Research on plant pathogens causing plant diseases in Lithuania has been fragmented in recent years, with too few studies being conducted. However, they are important in epidemiological terms, as research would provide new information on the distribution of pathogens in Lithuania and, more broadly, in Europe. A better understanding of the structure and dynamics of pathogenic microorganism populations could lead to the development of more effective control measures and more advanced and specific diagnostic protocols. The aim of the research to be carried out is to use molecular biology techniques to identify and genetically characterise the pathogen(s) in host plants and to assess their virulence factors.
This work would contribute to the 2022–2026 scientific research and experimental development programme of the Nature Research Centre “Dispersion of harmful substances, pathogens and other stressors in a changing environment in the context of risk assessment and remediation (POLLUTION)”.

The impact of factors caused by climate change on the functioning of Earth’s organisms and the state of ecosystems is currently a globally relevant topic. Climate change is believed to cause more frequent extreme events, including heavy rainfall, strong winds, heat waves and droughts, which can disrupt plant growth and make plants more vulnerable. Climate change studies show that many plants will be more stressed and less productive in the future. It is predicted that the yield of agricultural crops may decrease by several tens of percent during hot growing seasons. Therefore, studying the reaction of plants to changing conditions is important not only in a fundamental, but also in a practical sense.

Studies have shown that higher than normal temperatures lead to physiological and morphological changes in the plant.

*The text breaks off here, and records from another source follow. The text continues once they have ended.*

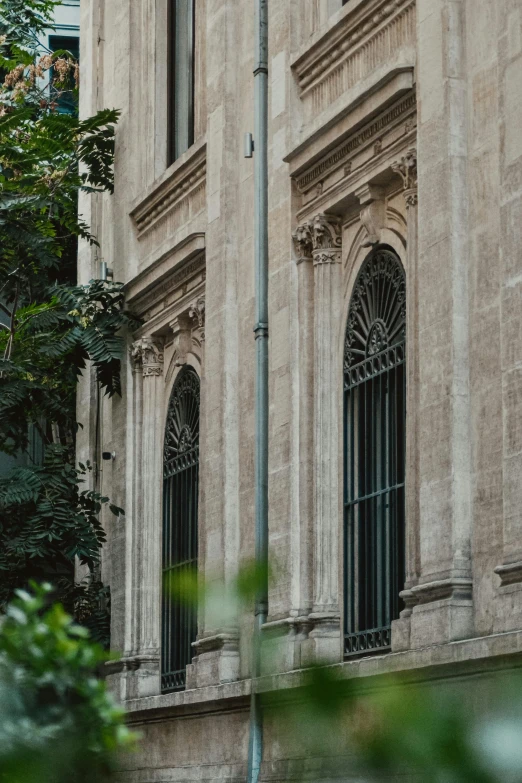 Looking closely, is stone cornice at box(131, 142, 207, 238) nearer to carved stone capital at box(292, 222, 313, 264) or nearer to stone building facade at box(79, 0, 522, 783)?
stone building facade at box(79, 0, 522, 783)

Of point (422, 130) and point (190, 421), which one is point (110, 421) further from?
point (422, 130)

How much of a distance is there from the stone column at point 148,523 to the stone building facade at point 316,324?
23 mm

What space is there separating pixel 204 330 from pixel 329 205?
3.36 m

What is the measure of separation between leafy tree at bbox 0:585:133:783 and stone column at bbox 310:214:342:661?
11.2 m

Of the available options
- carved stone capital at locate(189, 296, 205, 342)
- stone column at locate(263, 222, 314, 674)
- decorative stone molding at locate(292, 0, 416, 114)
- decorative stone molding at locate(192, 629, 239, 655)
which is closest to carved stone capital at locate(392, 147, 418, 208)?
decorative stone molding at locate(292, 0, 416, 114)

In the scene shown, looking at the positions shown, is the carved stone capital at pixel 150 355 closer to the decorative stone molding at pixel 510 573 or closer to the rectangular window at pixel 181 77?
the rectangular window at pixel 181 77

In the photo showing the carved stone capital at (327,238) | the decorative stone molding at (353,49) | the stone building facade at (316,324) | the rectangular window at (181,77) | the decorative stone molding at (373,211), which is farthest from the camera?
the rectangular window at (181,77)

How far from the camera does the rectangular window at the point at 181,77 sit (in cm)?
1720

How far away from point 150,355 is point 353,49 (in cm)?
559

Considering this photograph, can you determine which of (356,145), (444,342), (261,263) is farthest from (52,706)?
(261,263)

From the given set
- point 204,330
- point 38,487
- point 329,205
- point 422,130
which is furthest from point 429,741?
point 38,487

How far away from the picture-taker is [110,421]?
1803 cm

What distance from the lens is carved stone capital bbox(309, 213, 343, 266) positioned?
12906 mm

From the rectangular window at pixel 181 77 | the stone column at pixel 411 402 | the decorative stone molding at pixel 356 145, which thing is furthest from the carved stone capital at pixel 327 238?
the rectangular window at pixel 181 77
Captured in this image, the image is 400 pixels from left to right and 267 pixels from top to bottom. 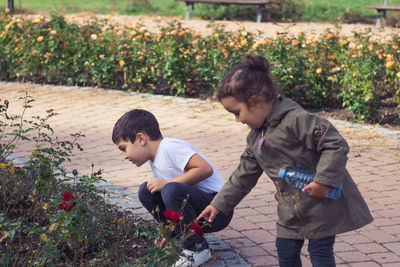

They accelerate the life cycle of plants, plants mature faster, so the intensity of photosynthesis changes and the yield decreases. As the competitive conditions of plants change under the influence of climate change, there is a need to strengthen the vital powers of agricultural plants. There is a lack of information on how stressful conditions will affect the physiological responses of plants and what environmentally friendly measures can be useful to reduce the harmful effects on the formation of reproductive organs.

Research will be conducted under natural field conditions and model conditions in the laboratory. Biostimulants will be used to search for means of controlling the processes that determine the productivity of agricultural plants. The effects of model climate change conditions and biostimulants on the functioning and productivity of economically useful plants will be assessed using physiological-biochemical and morphometric methods. Modeling the forecasted climate conditions will allow to study the possible impact on the sustainability of the resource and to search for measures to protect it.

Participation of the doctoral student in international scientific events, courses, and trainings is expected. The results of the work will be published at international scientific conferences and published in Clarivate Analytics Web of Science (CA WoS) referenced scientific journals.